Segment Open

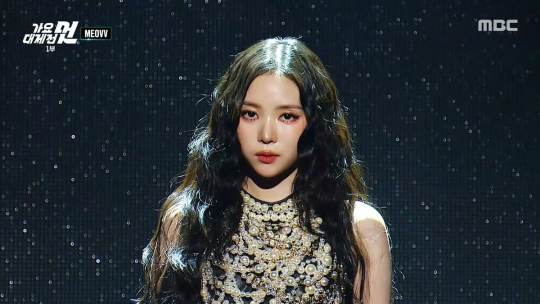 [📹] [2025MBC歌谣大祭典]MEOVV（宫瑶）-DROP TOP+HANDS UP，MBC 251231播出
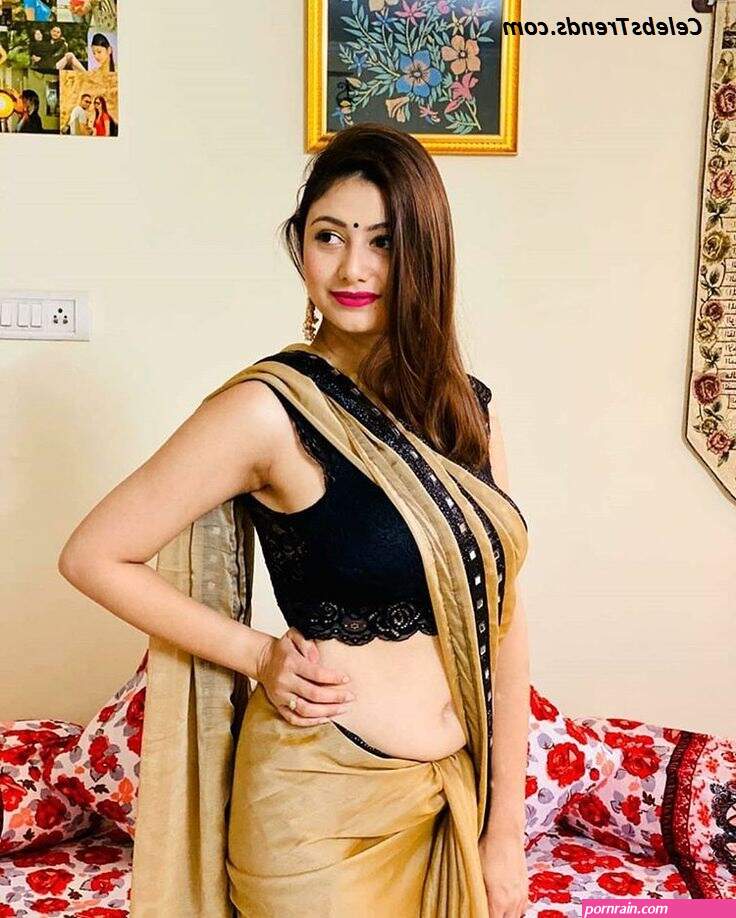 backless tamil aunties photo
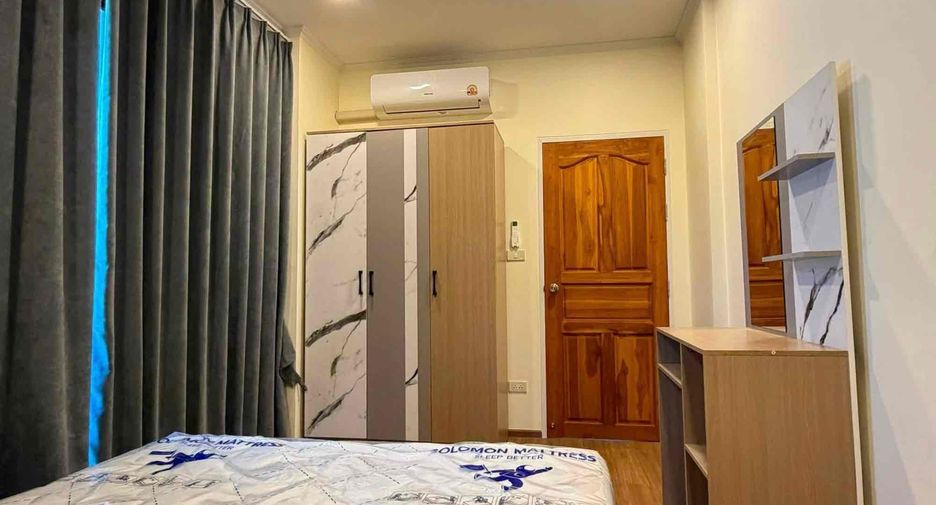 Haus zur Miete mit 3 Zimmer in Bang Lamung, Chonburi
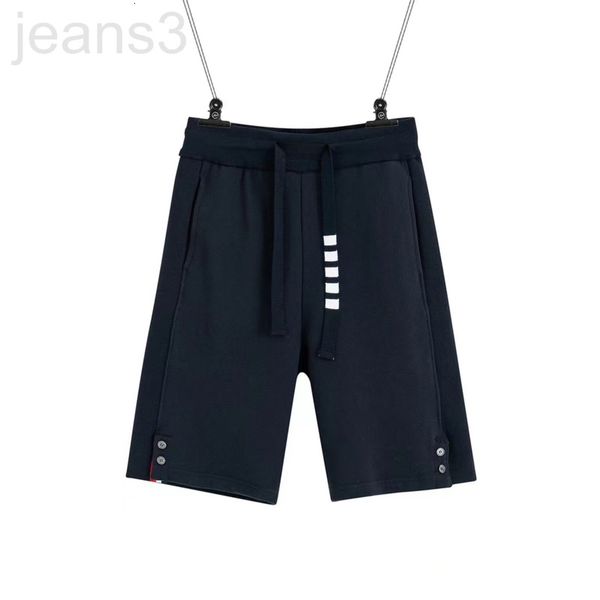 men's shorts designer high set four bar yarn dyed version tb style new drawstring ribbon five point casual pants for lovers loose yuan, White;black
men's shorts designer high set four bar yarn dyed version tb style new drawstring ribbon five point casual pants for lovers loose yuan, White;black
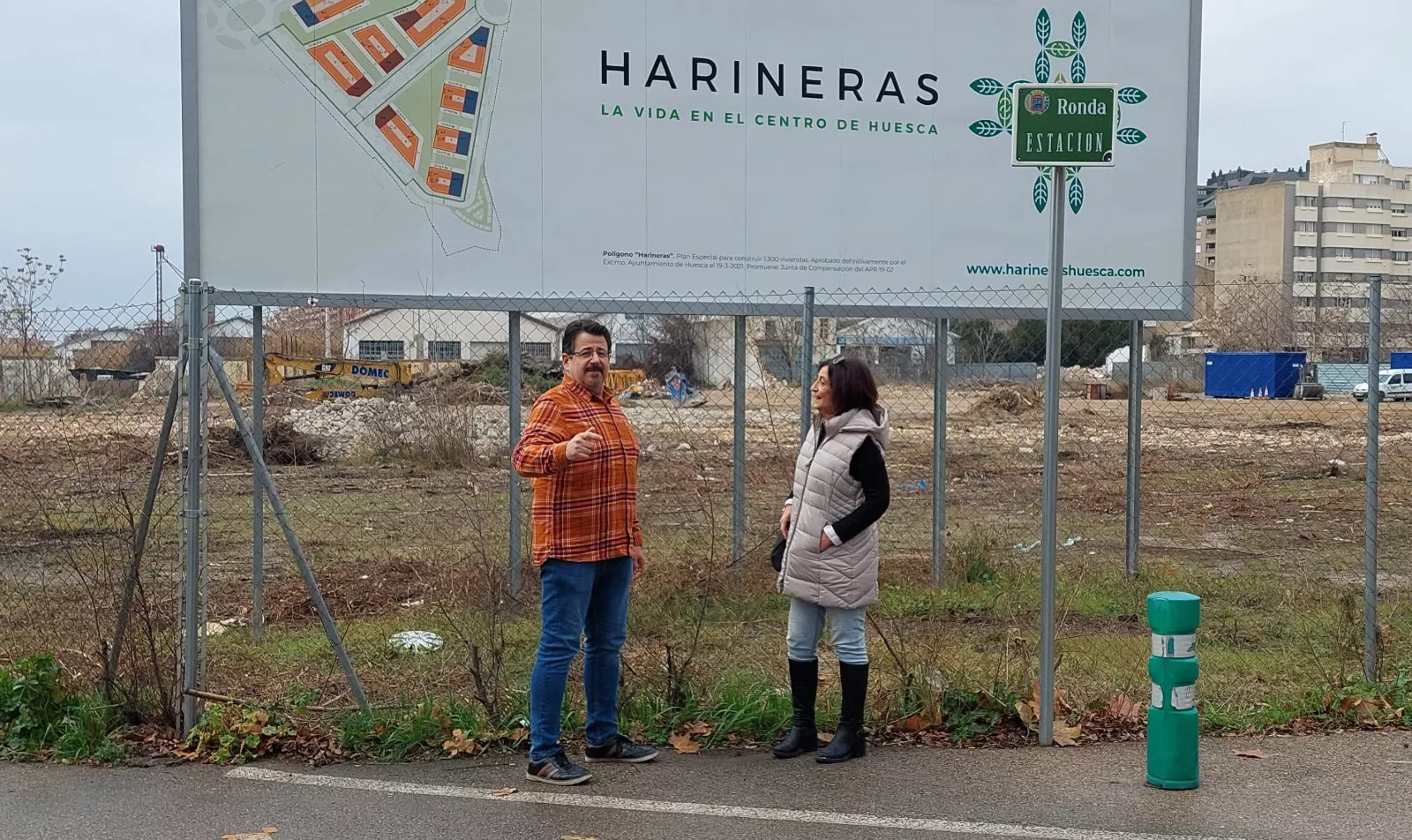 José Luis Rubió y Susana Magán ante el solar de Harineras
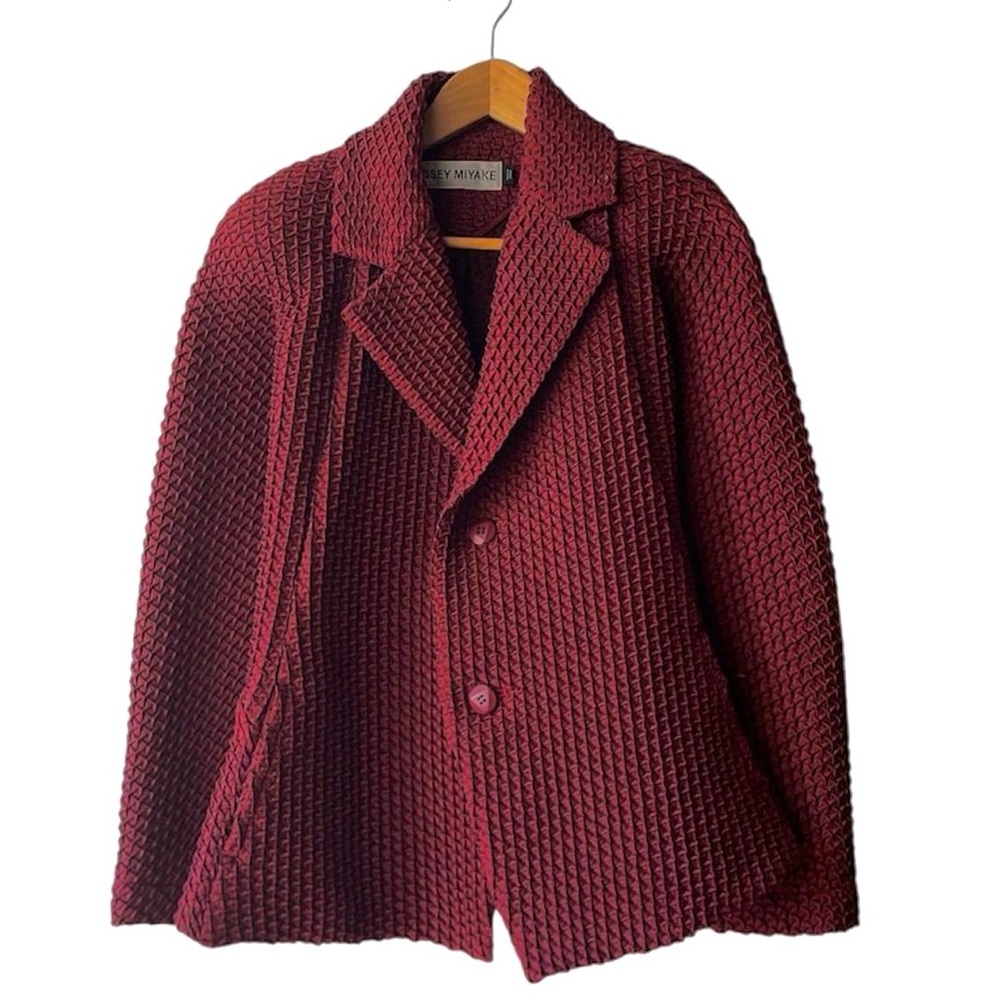 Issey Miyake Diamond pleated Blazer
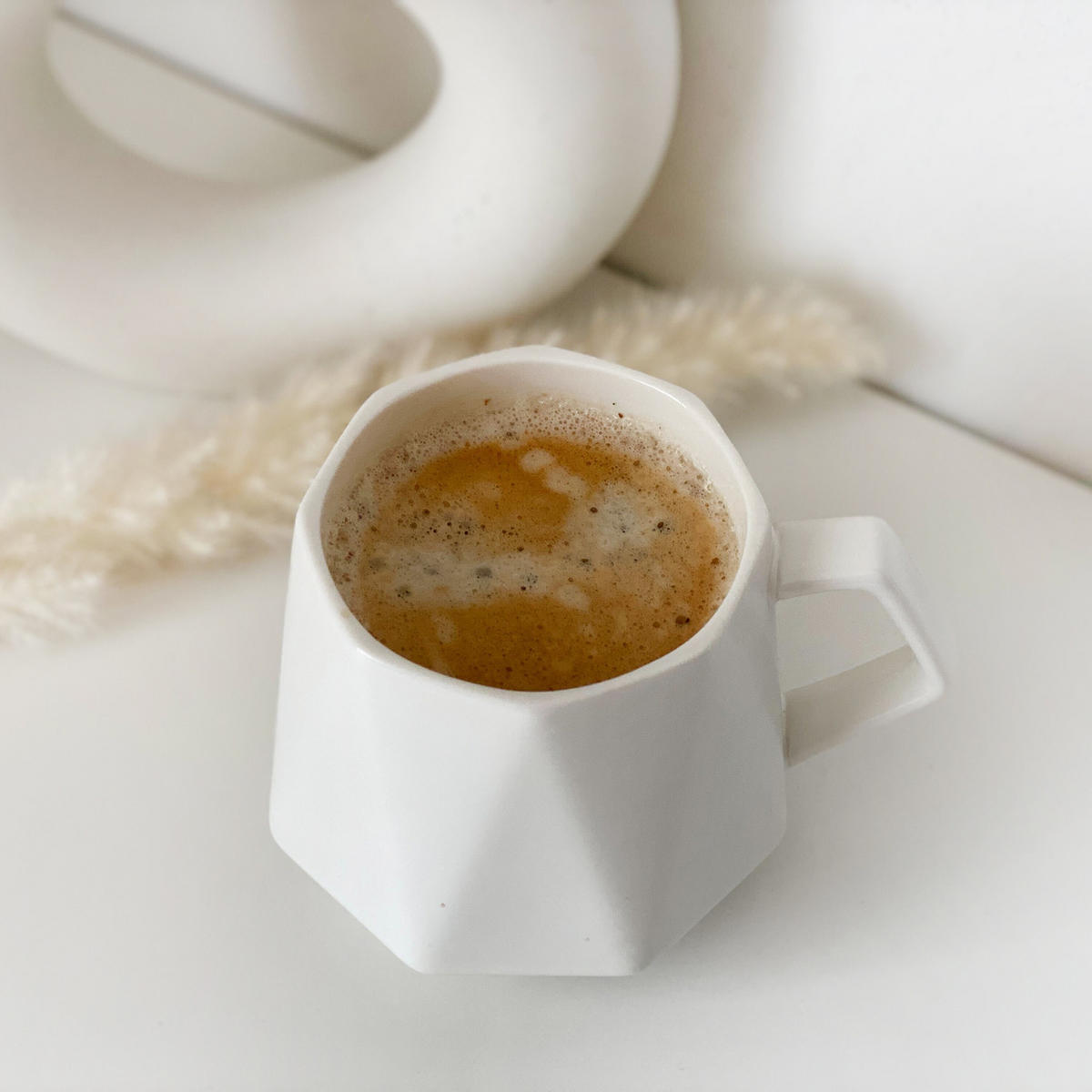 TEETASSE in Feinschliff Optik 350 ml - Weiß, Keramik (0.35L) - Intirilife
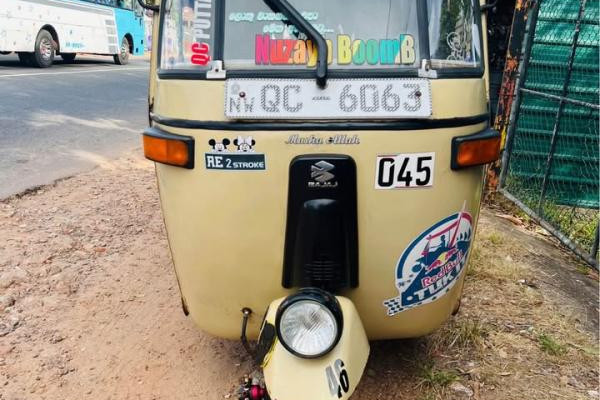BAJAJ 2005 2 STROKE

Segment Closed

Work instruction:
A verbatim transcription of the listing is expected, with no pictures included.

Solution for this exercise:
 [📹] [2025MBC歌谣大祭典]MEOVV（宫瑶）-DROP TOP+HANDS UP，MBC 251231播出
 backless tamil aunties photo
 Haus zur Miete mit 3 Zimmer in Bang Lamung, Chonburi
 men's shorts designer high set four bar yarn dyed version tb style new drawstring ribbon five point casual pants for lovers loose yuan, White;black
men's shorts designer high set four bar yarn dyed version tb style new drawstring ribbon five point casual pants for lovers loose yuan, White;black
 José Luis Rubió y Susana Magán ante el solar de Harineras
 Issey Miyake Diamond pleated Blazer
 TEETASSE in Feinschliff Optik 350 ml - Weiß, Keramik (0.35L) - Intirilife
BAJAJ 2005 2 STROKE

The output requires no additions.